Friday January 19, 2007
Hamerschlag Hall 1112
11:00 am



Anne Bracy
University of Pennsylvania

For decades, performance has driven the direction of computer development. In recent years, however, secondary design constraints -- power, area, and temperature, to name a few -- that are often at odds with performance have become increasingly important. For example, the performance-driven trend of placing increasingly many cores on one chip demands that each core have more modest power consumption. Even in the multi-core paradigm, however, single-thread performance is still critically important.

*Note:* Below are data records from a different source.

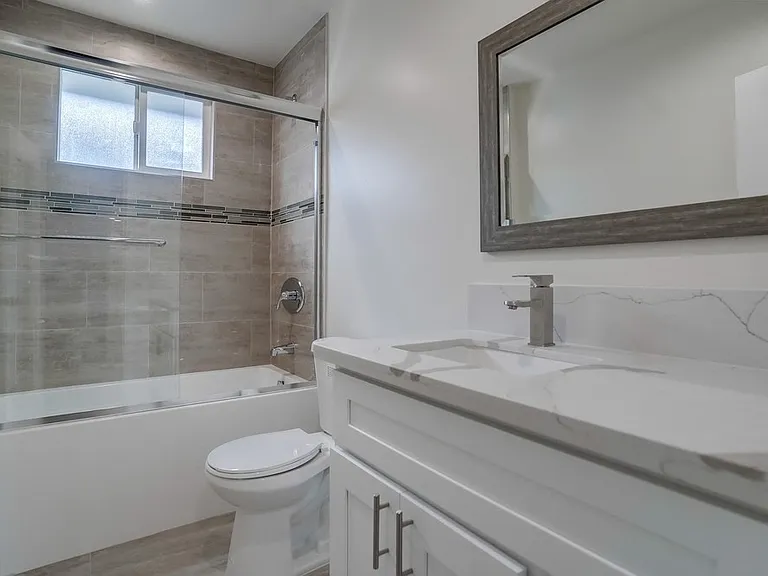 4045 Stevely Ave — Photo 10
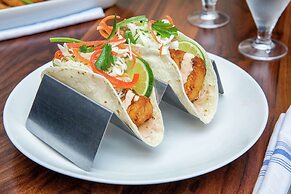 DoubleTree by Hilton Hotel Newark Airport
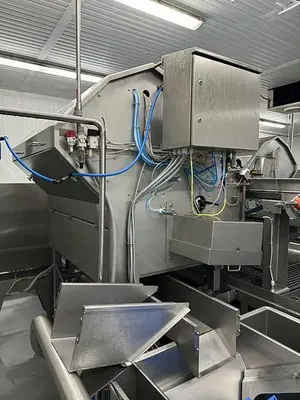 USED 2017 JBT FINTON SWEET BELL PEPPER COREING MACHINE 2016115/320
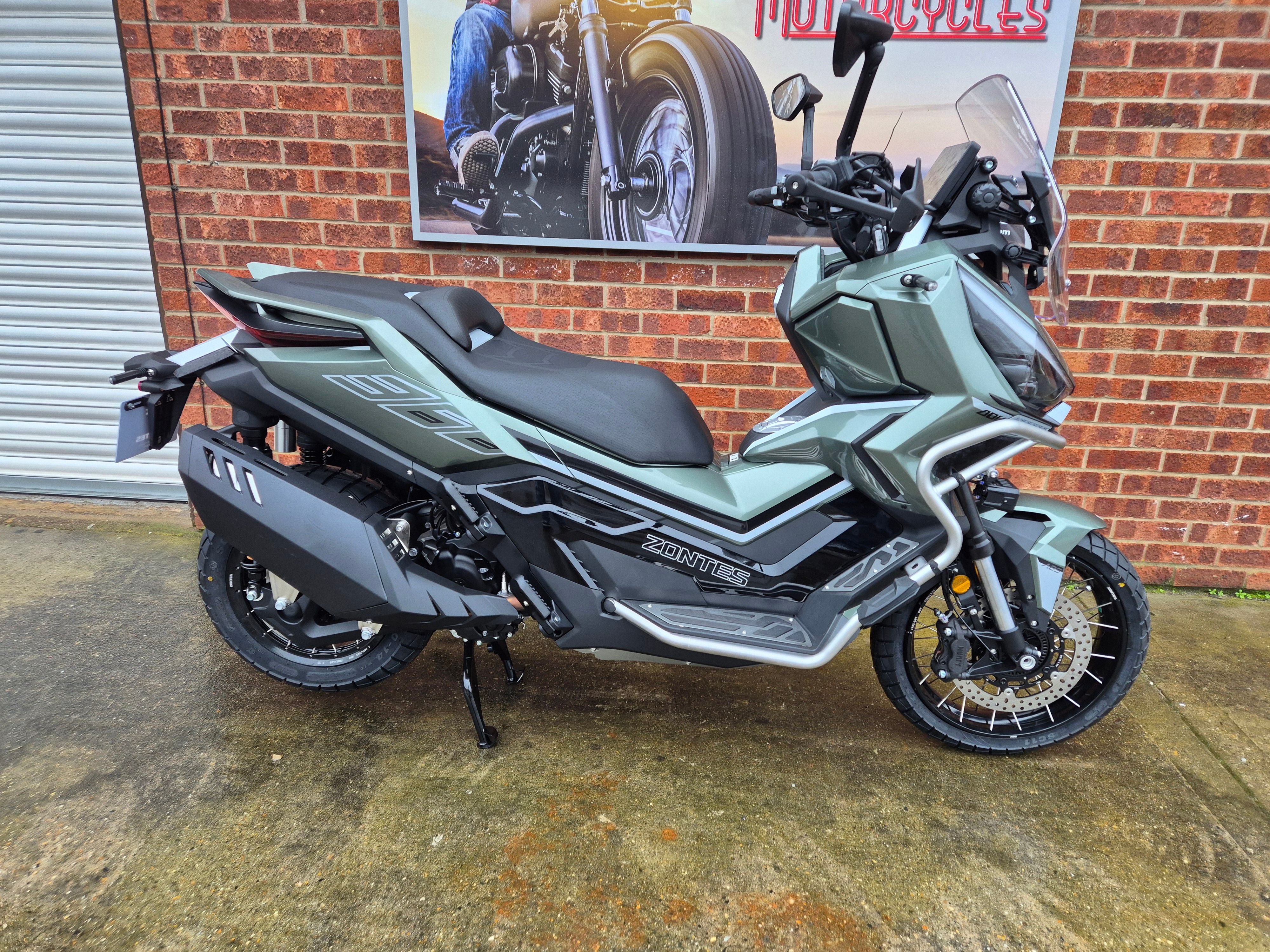 Zontes ZT368T-G - Metallic Green £400 OFF WHILE STOCKS LAST!!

Power constraints have simply turned the quest for performance into the quest for performance/power efficiency.

This talk introduces mini-graph processing, a technique that improves the performance efficiency of any superscalar processor. Mini-graphs are compiler-detected aggregates of multiple instructions that look and behave like singleton instructions throughout the entire pipeline. A mini-graph processor exploits instruction fusion to increase the efficiency of pipeline stages and structures that perform instruction book-keeping. A superscalar processor enhanced with mini-graphs can match the performance otherwise achieved with a wider, deeper superscalar processor. It does so in a more efficient manner: maintaining smaller superscalar structures, supporting a higher clock rate, and consuming less energy.

In this talk, I will introduce the concept of mini-graphs, describe the basic architecture of a mini-graph processor, and discuss static and dynamic intelligent mini-graph selection algorithms.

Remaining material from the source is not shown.